The UK Awards 21 Carbon Storage Licenses To 14 Companies

The UK Awards 21 Carbon Storage Licenses To 14 Companies - Carbon Herald

On Friday, the North Sea Transition Authority (NSTA) awarded 14 companies a total of 21 carbon storage licenses in depleted oil and gas reservoirs in the UK.

In doing so, the UK hopes to permanently store nearly 10% of its total greenhouse gas (GHG) emissions in these new locations, which in total cover an area of roughly 12,000 square kilometers (~4,634 square miles).

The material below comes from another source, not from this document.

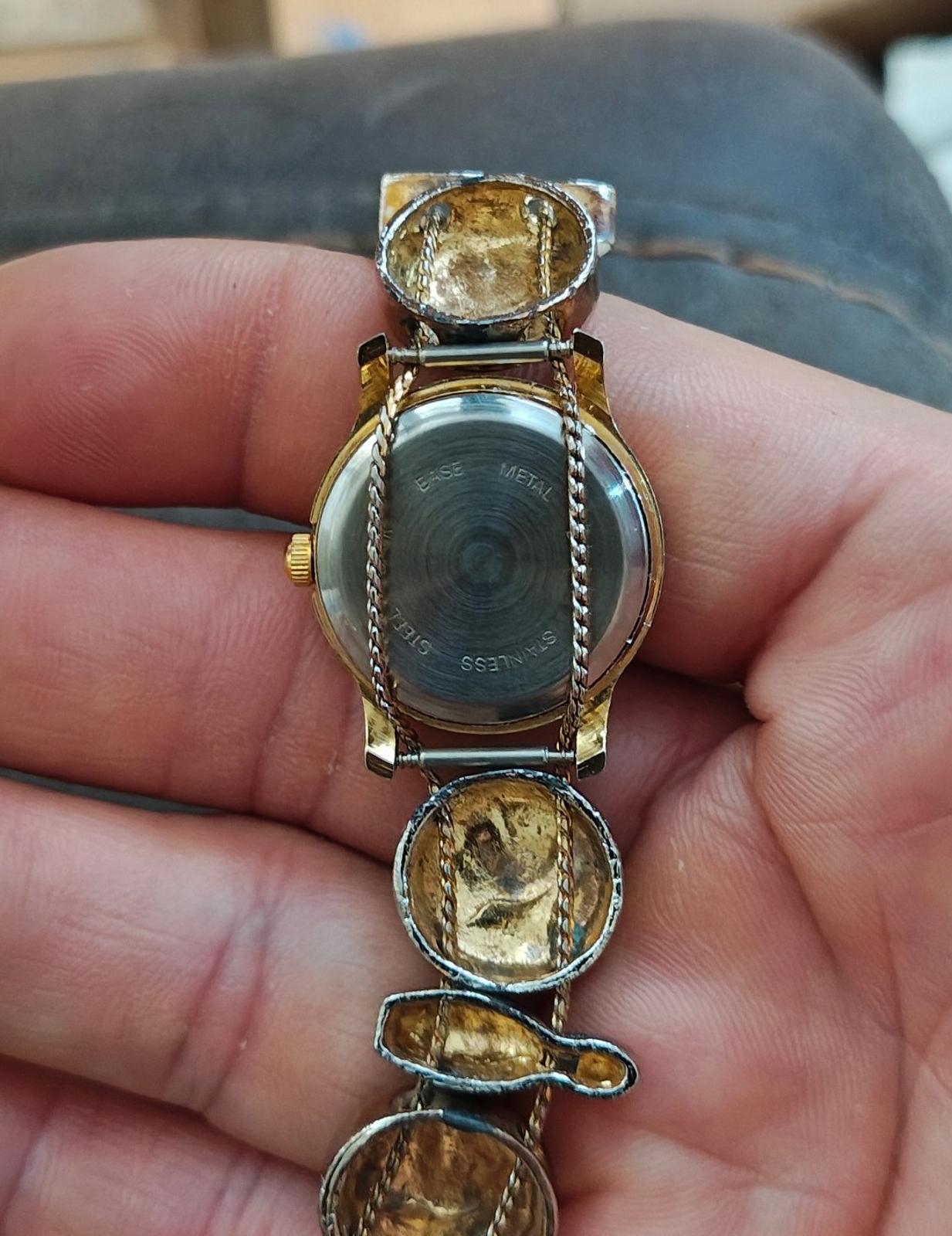 Ladies novelty watch back view with gold-tone chain links and engraved silver-toned case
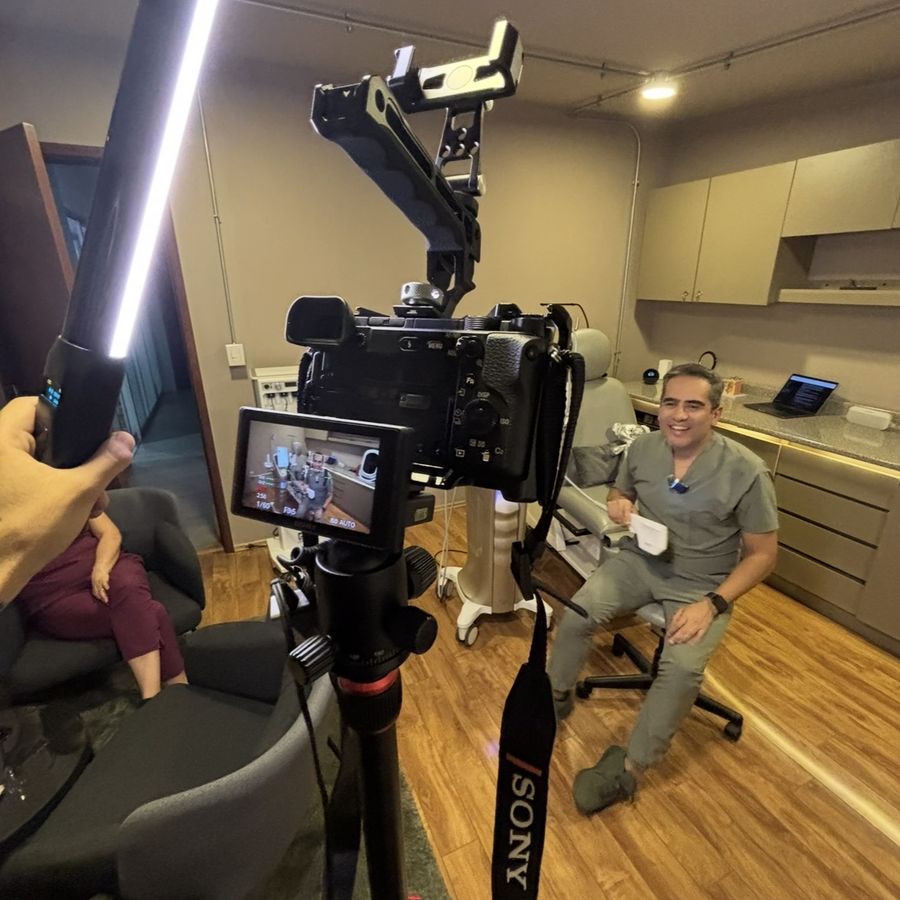 Rodaje de una entrevista con un médico en su consultorio, con cámara y luz de tubo en primer plano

It is estimated that the new storage sites will be able to hold up to 30 million metric tons of carbon dioxide per year by the end of the decade, which is just under a tenth of the nation’s annual emission in 2021. 

Part of the storage sites are located off the coast of Norfolk and may potentially become part of the Bacton Energy Hub, which is a project that includes hydrogen, offshore wind power and carbon storage. 

Other storage sites include depleted reservoirs and saline aquifers off the coasts of Teesside, Liverpool, and Aberdeen.

As for the companies that have accepted the carbon storage licenses, these include fossil fuel giants ENI, Shell, BP, Perenco and Neptune Energy. 

Relevant: enfinium Says Carbon Capture Should Be Used On All New UK Energy From Waste Facilities

Other companies in the list are Pale Blue Dot Energy (subsidiary of Storegga), Spirit Energy Production UK, EnQuest, Synergia Energy, and Chrysaor Production UK. 

“Carbon storage will play a crucial role in the energy transition, storing carbon dioxide deep under the seabed and playing a key role in hydrogen production and energy hubs,” said Stuart Payne, Chief Executive of NSTA.

Payne also expressed his excitement to have completed the first round of carbon storage license awards, particularly as it is estimated that as many as 100 carbon storage licenses will be required for the UK to meet net zero goals.